No it isn't. Changing damage resistance granted by armor is as easy as changing the formula within the code. Changing archer shoot speed may perhaps be a little more complicated depending on how the animation system works, but is likewise relatively straightforward. Both changes may not be "one line code changes" but they are certainly less work than rewriting a portion of the combat AI.

If I know anything about software development (and I assume I do because I went to university for it) I know that as a general rule developing AI systems is the most time consuming and complicated part of ANY project, sometimes even by ORDERS OF MAGNITUDE. It is not as simple as changing a 0 to a 1 within the code, and all of a sudden the AI use shield wall intelligently.

Besides, I have a feeling that devs didn't made AI use shield wall -or otherwise hold their shield up like they did in Warband to make player archers viable to begin with.
You may very well be correct, in which case "just let the AI use shieldwall" is not the solution to the balance issue because it is intended NOT to be that way by the devs.

It's painfully obvious how harmless archers are against the player. Degrading them further would only make things worst.
You are wrong. Archers (especially archers that can hold their own in melee) are the most dangerous units against the player outside of getting swarmed by infantry in melee. Furthermore, we aren't talking about how well archers do against the player. We are talking about how well archers perform as a part of player army composition against the AI armies, where they outperform every other type of army composition regardless of situation, opponent, or sometimes even tactics.
 
No it isn't. Changing damage resistance granted by armor is as easy as changing the formula within the code. Changing archer shoot speed may perhaps be a little more complicated depending on how the animation system works, but is likewise relatively straightforward. Both changes may not be "one line code changes" but they are certainly less work than rewriting a portion of the combat AI.
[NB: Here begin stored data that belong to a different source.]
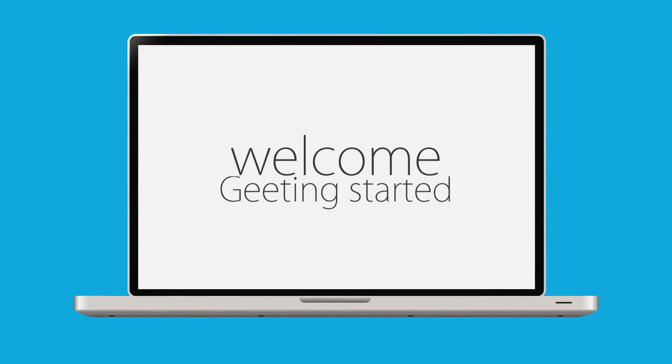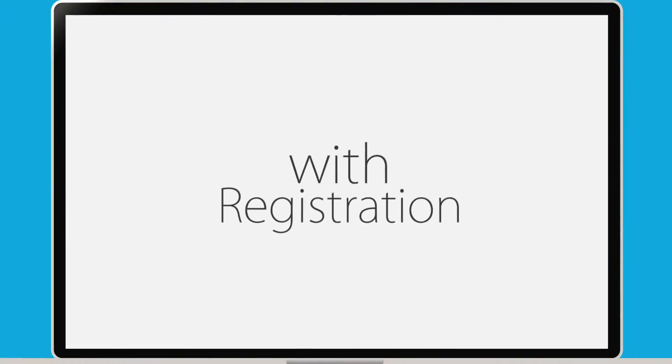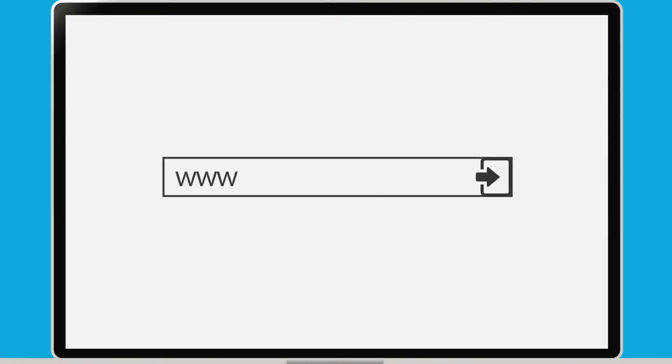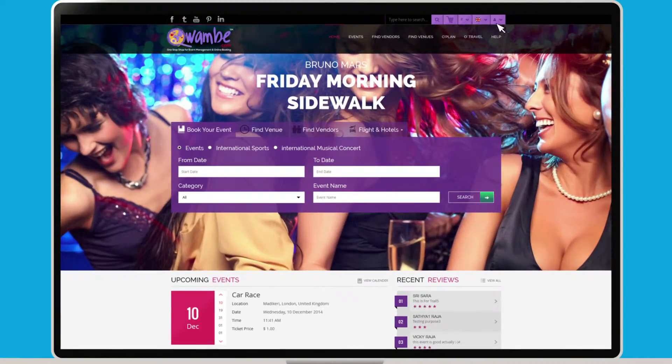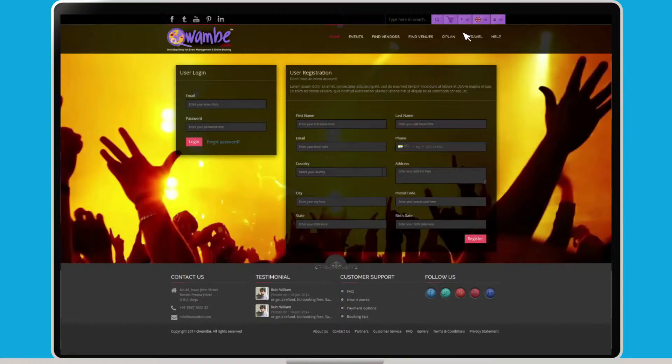Welcome. Getting started with registration. Log on to omvanbay.com. Click the new user button to register your account.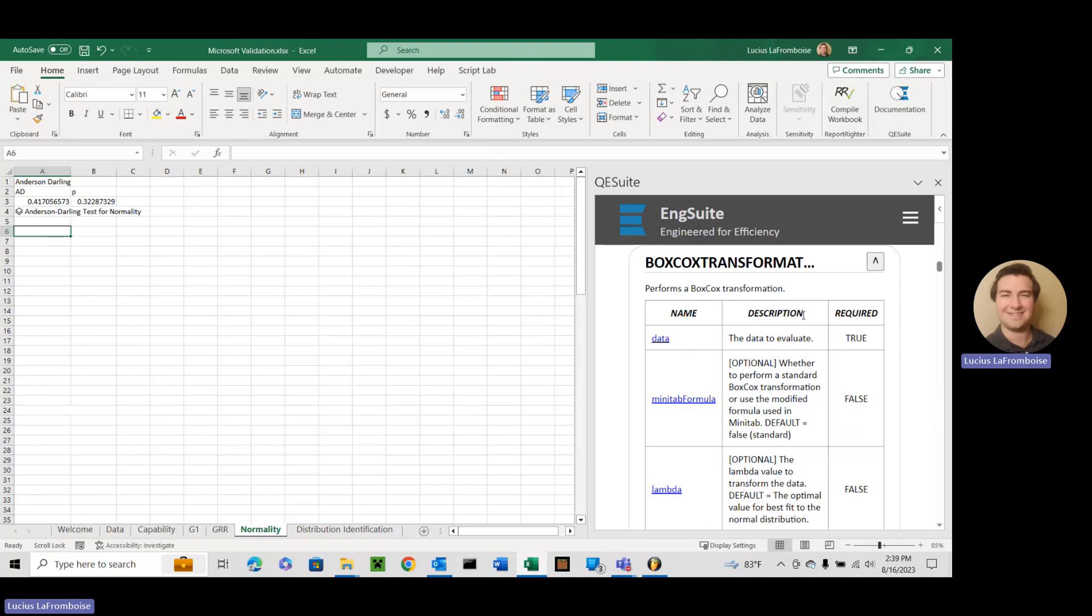So the first one alphabetically is Box-Cox transformation. So we're going to go off to this side here a little bit. So we have data, you're used to that one.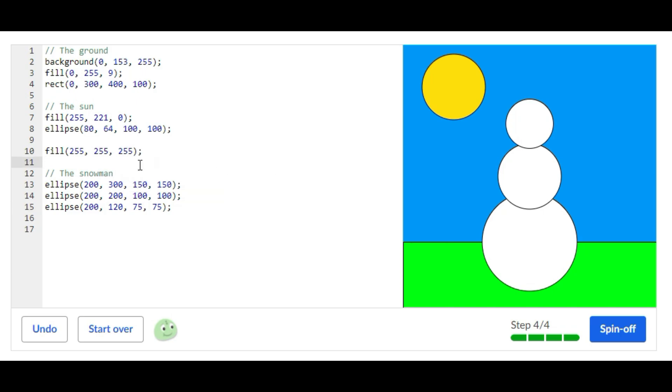But yeah, that's how you do the challenge. This challenge is probably one of the more easier challenges than the other ones. It's super simple and easy. So I really hope you guys found this video useful. I'll see you guys next time.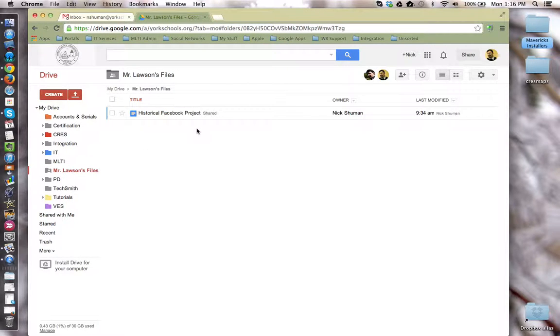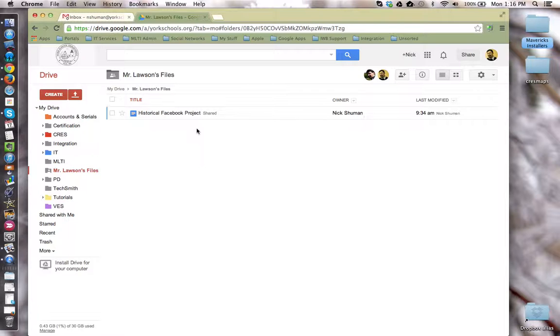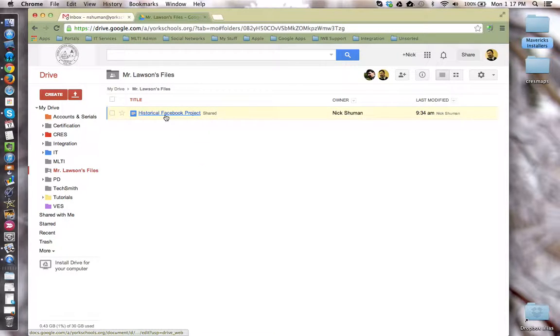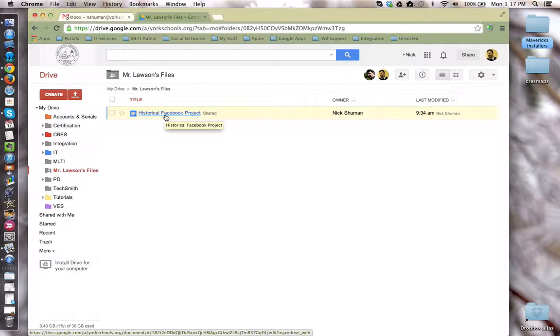Inside, they'll be able to find any files that you have decided to pass out or share with them. So here's a historical Facebook project document that has been shared with me, the student.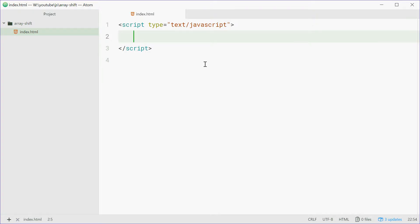So let's make an array, for example const numbers equals an array of numbers, for example 6, 70 and 89.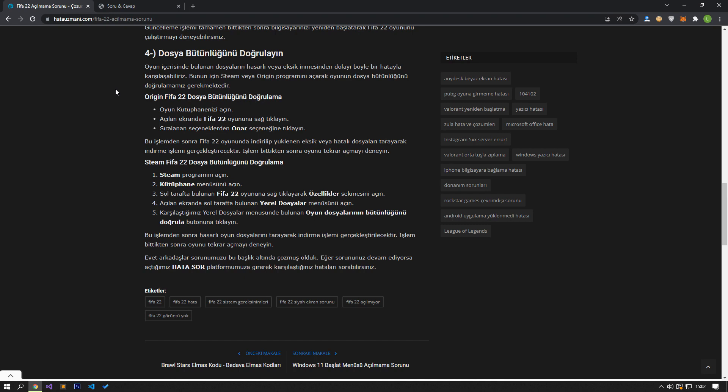Open the Local Files menu on the left side of the screen that opens. Click on the Verify Integrity of Game Files button in the Local Files menu we encountered. After this process, the download will be performed by scanning the damaged game files. After the process is finished, try to open the game again.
Do you realize that all code is just a set of formulas and that shieldwall AI is already codded in the game? You don't even need to change it.

If I know anything about software development (and I assume I do because I went to university for it) I know that as a general rule developing AI systems is the most time consuming and complicated part of ANY project, sometimes even by ORDERS OF MAGNITUDE. It is not as simple as changing a 0 to a 1 within the code, and all of a sudden the AI use shield wall intelligently.

Actually yes, it may as well be as simple as that or close enough, because AI already knows to shieldwall, therefore all that is needed is to trigger it. Which may as well be as simple as changing 0 to a 1. Or couple of them.

You may very well be correct, in which case "just let the AI use shieldwall" is not the solution to the balance issue because it is intended NOT to be that way by the devs.

Well, assuming you would manage to convince devs that there is a balance issue to begin with and archers are overpowered, then it would be solution. And much better then reducing damage or raising armor.

You are wrong. Archers (especially archers that can hold their own in melee) are the most dangerous units against the player outside of getting swarmed by infantry in melee. Furthermore, we aren't talking about how well archers do against the player. We are talking about how well archers perform as a part of player army composition against the AI armies, where they outperform every other type of army composition regardless of situation, opponent, or sometimes even tactics.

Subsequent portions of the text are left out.